Comp 141 Class 3 notes

June 6

Shotts Chapters 5: Command  and 6: Redirection. Some material is from 7: Seeing the World as the Shell Sees It

Videos: 6. I/O Redirection, 7. Expressions and Substitutions

Review the basics: ls, cat, cd, pwd, rm, cp, mv, mkdir/rmdir

Use of wildcards like *.text, foo.?, [a-d], etc.

Expansion of wildcards is sometimes called globbing. It is done by the shell, before launching the command. An alternative design would be for every command to call a standard globbing library, but this is not how bash works.

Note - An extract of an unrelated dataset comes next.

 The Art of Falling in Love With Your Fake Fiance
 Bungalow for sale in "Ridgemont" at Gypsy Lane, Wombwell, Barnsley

Globbing can be disabled by quoting, either single or double quotes or the backslash:

    ls '*.text'

    ls "*.text"

    ls \*.text

None of these is the same as ls *.text.

Finally, if there is no match, globbing just leaves the wildcarded string alone. In a directory with no text files, try

    ls *.text

We can turn off globbing with set -f, though, and re-enable it with set +f. But normally this is never done.

Hard link examples

With files: ln orig.text link.text

Except the link.text file is a first-class file, it's not subordinate to orig.text. You could remove orig.text.

In fact this is how mv works: it links to the new location, and then deletes the original.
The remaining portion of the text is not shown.